Un’atmosfera elettrizzante nel lungo processo di mutamento dell’industria musicale verso i nuovi consumi digitali, per capire cosa vogliono gli ascoltatori connessi in mobilità, come monetizzare al meglio i mercati emergenti dove aumenta in maniera esponenziale l’utilizzo di smartphone e tablet. Nelle dichiarazioni del CEO Frances Moore, tutta la soddisfazione della International Federation of Phonographic Industry (IFPI) per gli ultimi risultati registrati nel classico Digital Music Report .
Per la prima volta dal lontano 1999 – c’era GeoCities, si vendevano milioni di album del fenomeno pop Britney Spears prima dell’avvento di Napster – l’industria musicale ha visto crescere dello 0,3 per cento il suo fatturato complessivo , giungendo così ad un totale di 16,5 miliardi di dollari (circa 12 miliardi di euro) alla fine dello scorso anno. In stallo da anni, gli introiti delle major sono certamente stati sospinti dall’ imperioso successo delle piattaforme online per la distribuzione di musica.

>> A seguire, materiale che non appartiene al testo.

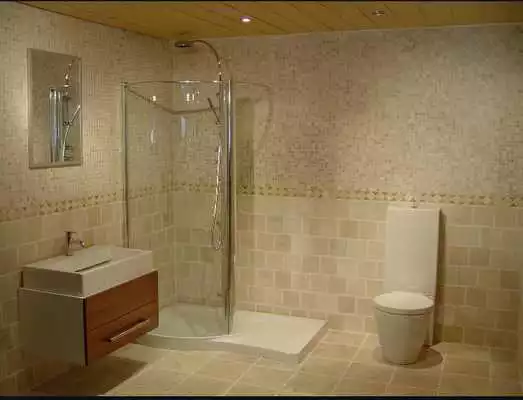 Play Modern Bathroom Remodels Layout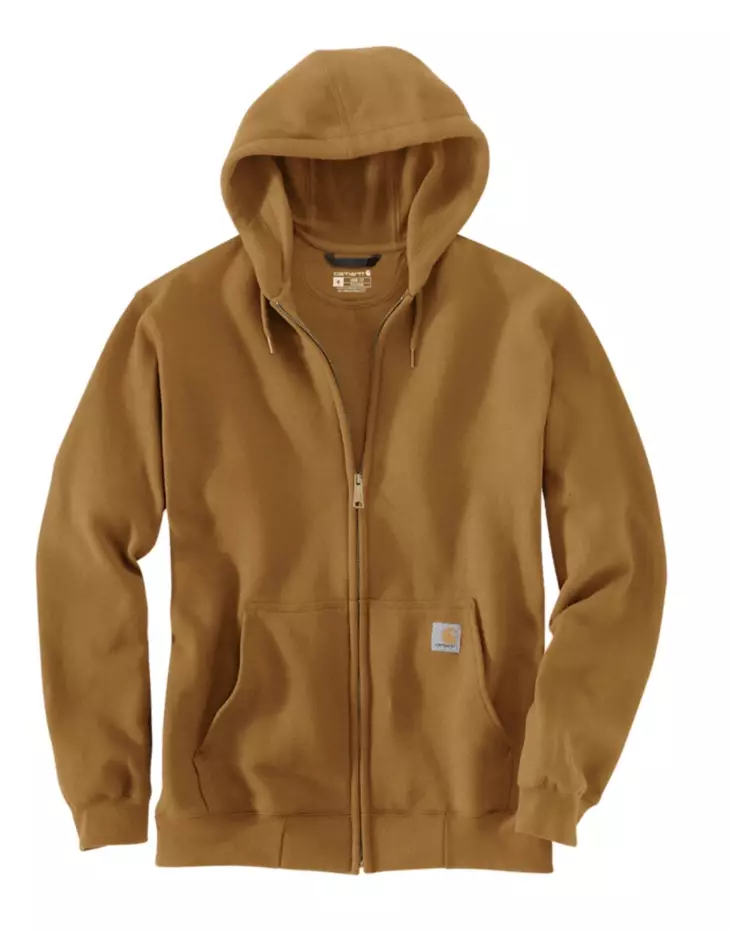 Huppari M Marquette etuketjulla, Brown - Hupparit - CRH2 - 1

Nel gennaio 2011 IFPI aveva contato 23 mercati del mondo in cui fossero presenti servizi per il download o lo streaming dei brani. Ora queste stesse piattaforme sono attive in più di 100 paesi, comprese quelle aree Brics (Brasile, Russia, India, Cina) in cui le nuove tecnologie connesse stanno prendendo piede con veemenza. Alla fine del 2012 il fatturato digitale dell’industria musicale è cresciuto del 9 per cento a 5,6 miliardi di dollari (4 miliardi di euro circa) rappresentando oltre il 30 per cento dell’intero volume d’introiti.
È la grande espansione delle piattaforme legate allo streaming sonico – alcune fonti rimaste anonime hanno parlato in esclusiva di un accordo tra Google e le grandi etichette per il prossimo lancio di un servizio molto simile a Spotify – e in generale al modello a sottoscrizione, che alla fine dello scorso anno ha attirato 20 milioni di utenti, il 44 per cento in più rispetto alla fine del 2011 . Il primato resta però alle piattaforme di download come iTunes, che rappresentano il 70 per cento dell’intero fatturato proveniente dal digitale.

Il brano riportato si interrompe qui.